So Newcastle United have agreed a £55 million fee with Nottingham Forest for Anthony Alanger.
What do you think of this, Jonathan?
Quite interesting that they've got like Harvey Barnes and Anthony Gordon who sort of play on that side, I guess.
Is that
a step up in quality?
I like him.
I think he's a really good player, and I don't think he should ever really have been sold by Manchester United.
But then, again,
I'm not sure what they really are doing these days in the transfer market.
So I won't go there for now.
I think he's earned the right to maybe play in a Champions League club.
I'm quite surprised Forrest have
been relatively okay about letting him go as well.
I mean, the price is about the same price as Gio Pedro, which I think Giel Pedro is probably maybe worth worth a bit more.
55 million seems to be quite a lot, but at the same time, you know, a young winger, Elanga's only, you know, 23, so he's still got a lot of room for development.

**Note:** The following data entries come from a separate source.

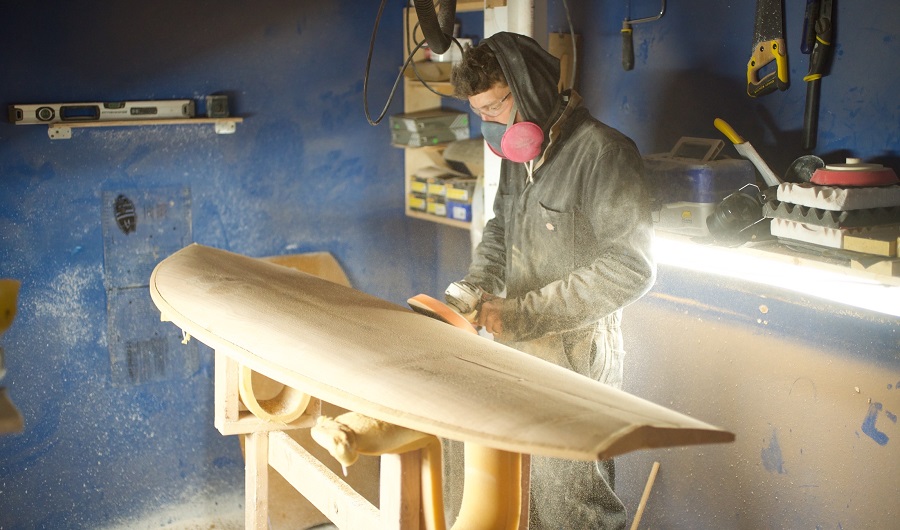 ryan lynch of timber surf co shaping a board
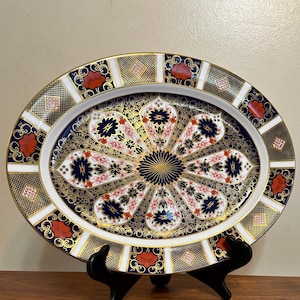 May include: An oval porcelain serving platter featuring a central medallion with radiating floral patterns in navy blue, white, and gold. The wide rim is decorated with alternating panels of red flowers, gold lattice, and navy blue geometric motifs.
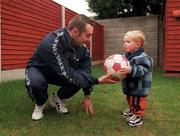 13 November 1998; Paul McGee of Athlone town, formally of Bohemians, St Patrick's Athletic, Colchester United and Wimbledon, with his son Ryan, aged 18 months, at his home in Dublin. Photo by David Maher/Sportsfile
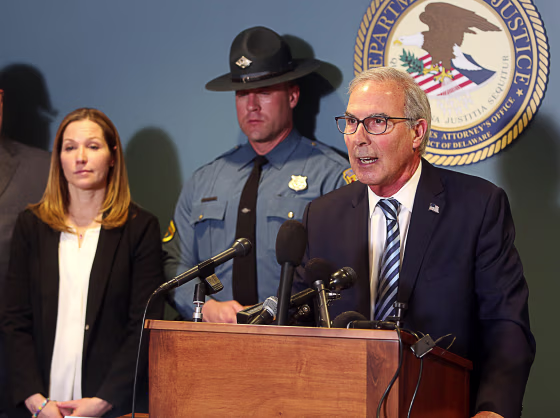 David Weiss, U.S. Attorney for the State of Delaware (right), speaks at a press conference on February 21, 2023 about an effort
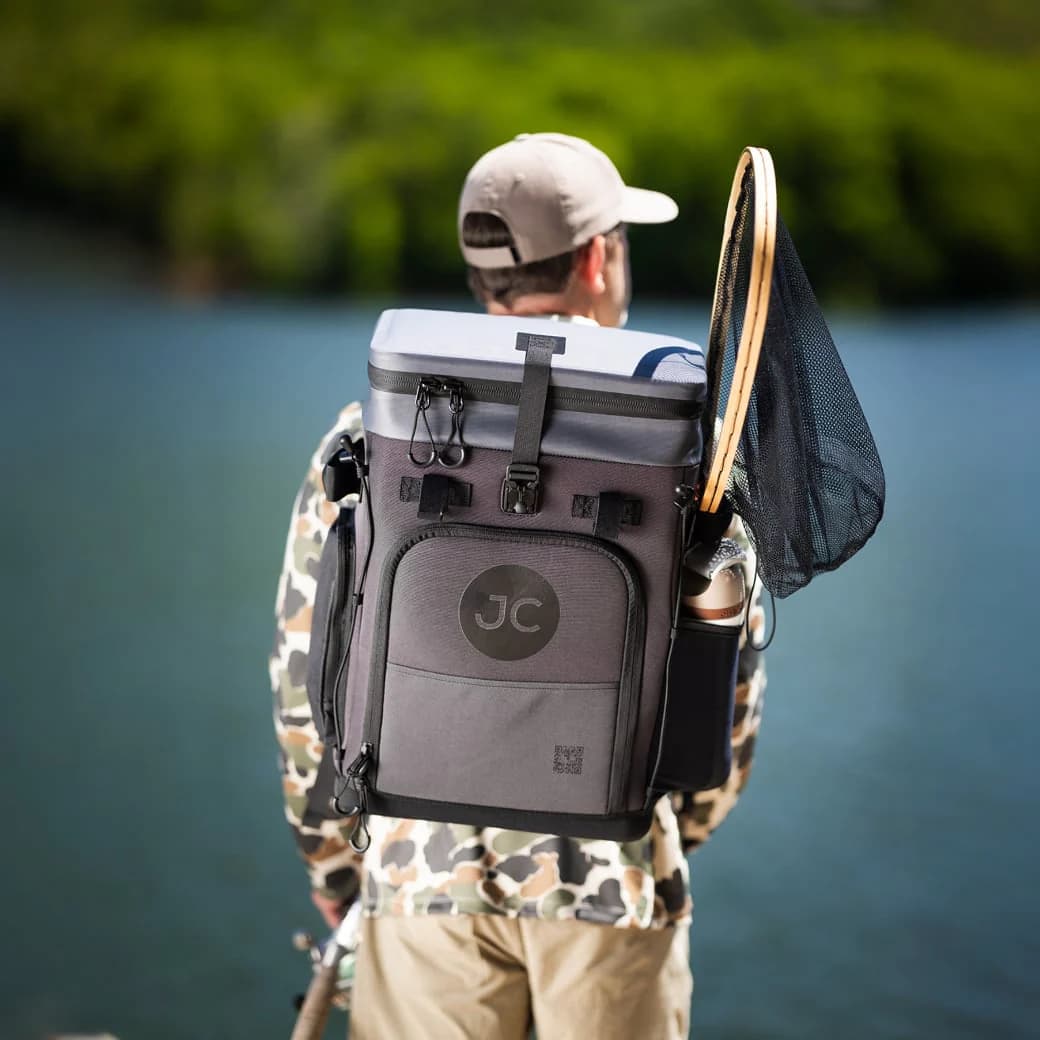 A man carrying the JustinCASE on his back at the water's edge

He offers a lot of directness
on that side.
I saw a sort of a quip that maybe this is a sort of a play to have another Swedish compatriot around Alexander Isak and keep him around.
So maybe that's the conspiracy theorists there.
I've got something to say about that.
But no, I think Elanga's a really good player, like I say.
He'll offer that directness that Anthony Gordon has on the left-hand side.
I think I'm trying to remember who at Newcastle they played on the right because it wasn't just Barnes.
Jacob Murphy and Murphy
Murphy had a good season, but I think he's maybe got a bit of a ceiling.
And I think Alanga offers a little bit more dynamism.
So from the point of view of the fact that they can rotate, you know, he's still at the club, I think that that makes sense.
And he's, you know, younger and also can do a little bit more, I think, in terms of his directness, getting in crosses in for Islak or whoever it might be up front if anything changes there.
But no, I think it's a really good transfer.
And of course, there's the salon that I think Manchester United owed a bit of money for that.
So that might ease the burdens of the failed Amazon documentary that has been talked about in recent days.
Yeah, well, we'll get to that.
We'll get to that.
I mean, I like the idea of, you know, Eddie Howe buying Stefan Schwartz and Glenn Hussain, just filling it with sweets, just so Alexander Isak wants to stay at last.
Can I offer a counterpoint?
It's good when we don't always agree on the podcast.
I'm completely baffled by this transfer.
So this could be one of those.
If he scores a bunch of goals, you can replay this and Jonathan
can claim victory.
But I think this is a baffling transfer fee for a player who I like in the sense that he's a hard-working guy.
He's fast.
You know, he brings some things.
Just feel like he was in the perfect spot.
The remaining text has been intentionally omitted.